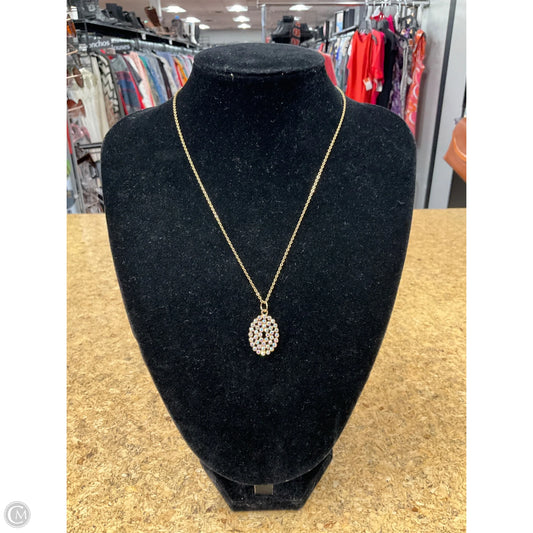 Necklace Charm By Clothes Mentor, Size: 02 Piece Set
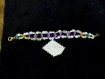 Bracelet en fil de métal avec perles en plastique et fermoirs métal doré - mousqueton - 12 mm 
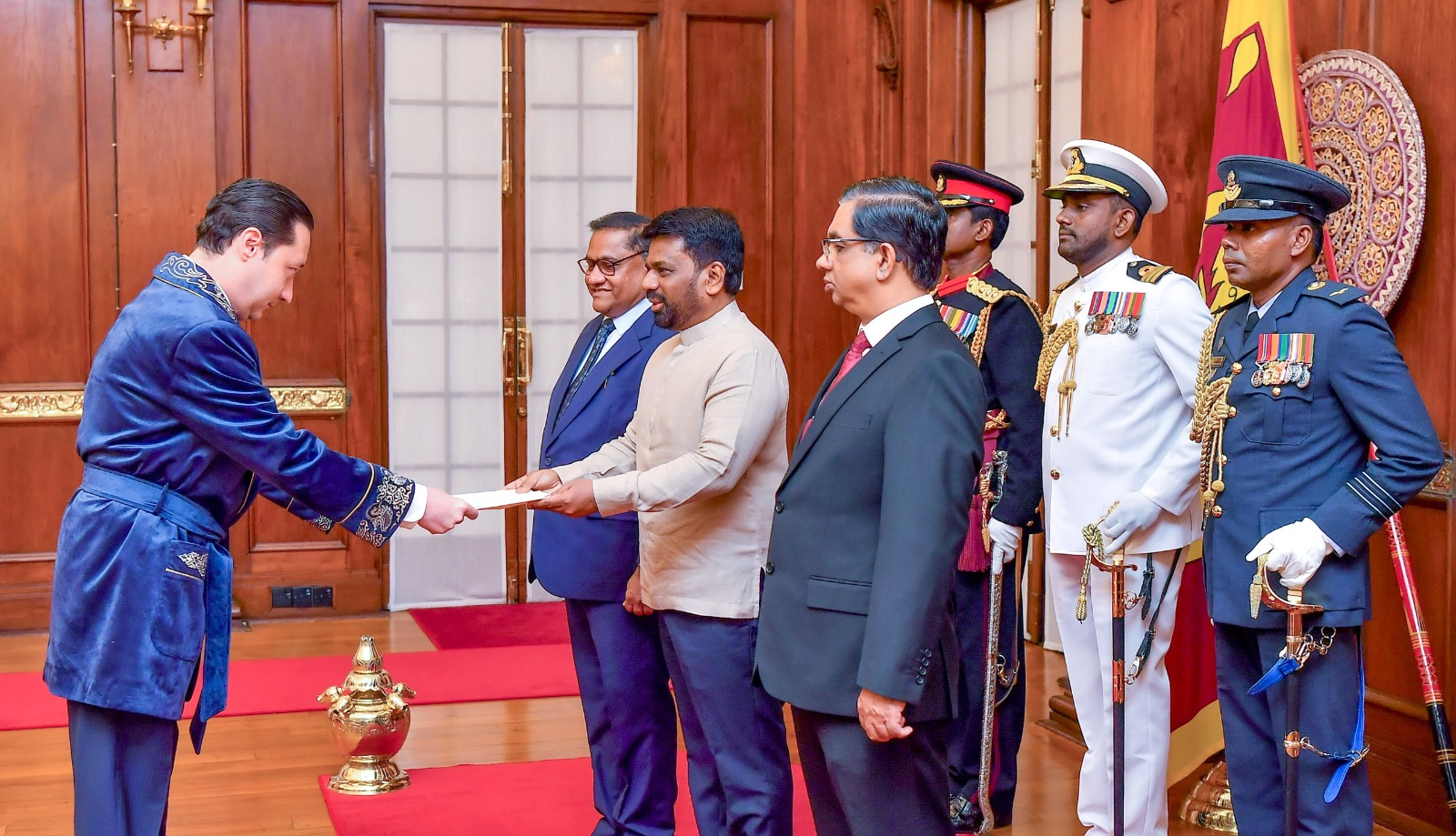 The Ambassador of the Republic of Kazakhstan presents Credentials to Sri Lanka.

Work request —
Find the line containing "Bracelet en fil" and copy it and each line after it through the end of the material, exactly, with no pictures.

Result of the exercise —
 Bracelet en fil de métal avec perles en plastique et fermoirs métal doré - mousqueton - 12 mm 
 The Ambassador of the Republic of Kazakhstan presents Credentials to Sri Lanka.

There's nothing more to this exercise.